The base backup issue is a different one, of course, and I think that
we are going to require more data in the 2PC file to provide a better
cross-check barrier, which would be the addition to the 2PC file of
the end LSN where the 2PC file record has been inserted.  Then we
could cross-check that with the redo location, and see that it's
actually safe to discard the file because we know it will be in WAL.
This seems like a hefty cost to pay for, though, meaning 8 bytes in
each 2PC file because base backups were done wrong.  Bleh.

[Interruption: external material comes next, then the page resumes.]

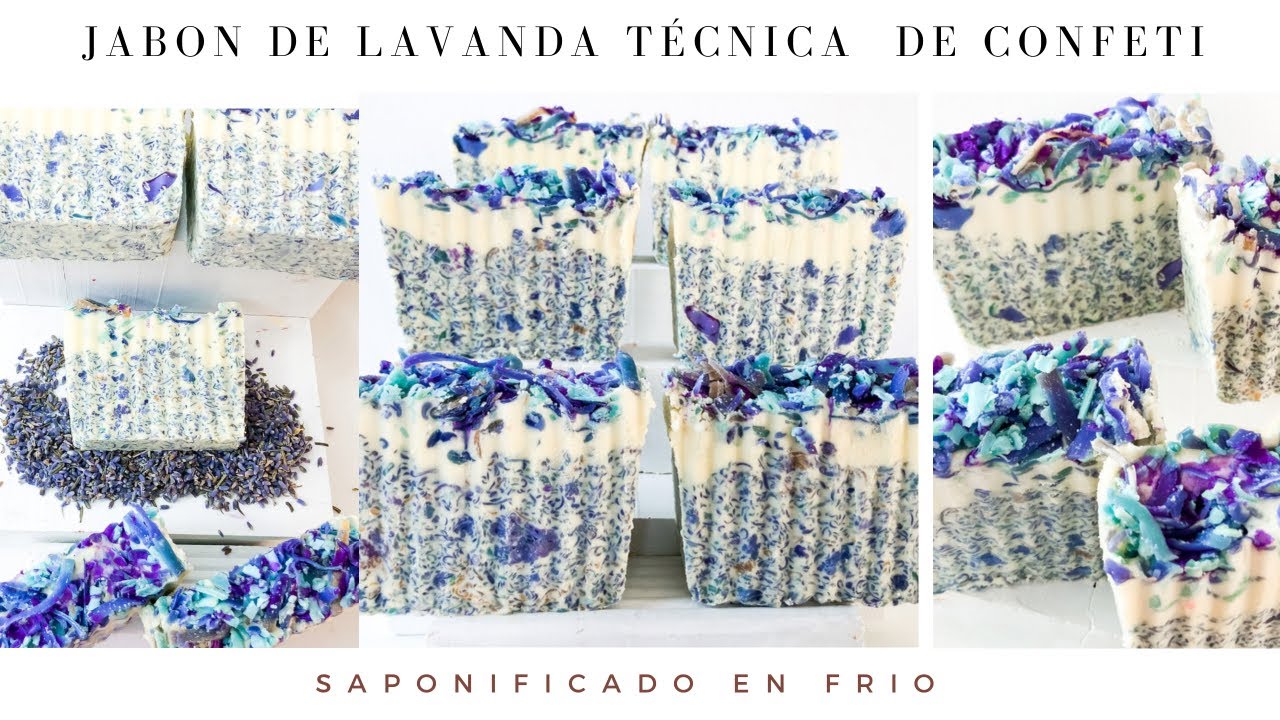 JABON DE LAVNDA TÉCNICA DE CONFETI SAPONIFICADO EN FRÍO fórmula incluida.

One extra thing that I have mentioned is that we could replace the
CLOG safeguards based on what we know from the checkpoint record based
on the oldest XID horizon of the checkpoint record and its next XID:
- If we have a 2PC file older than the oldest XID horizon, we know
that it should not exist.
- If we have a 2PC file newer than the next XID, same, or we'll know
about it while replaying.

WDYT?

> For back branches, the ideal is less clear.  If we can convince ourselves that
> enough of these events will indicate damaging problems (user error, hardware
> failure, or PostgreSQL bugs), the long-term ideal of failing recovery is also
> right for back branches.  However, it could be too hard to convince ourselves
> of that.  If so, that could justify keeping these removals in back branches.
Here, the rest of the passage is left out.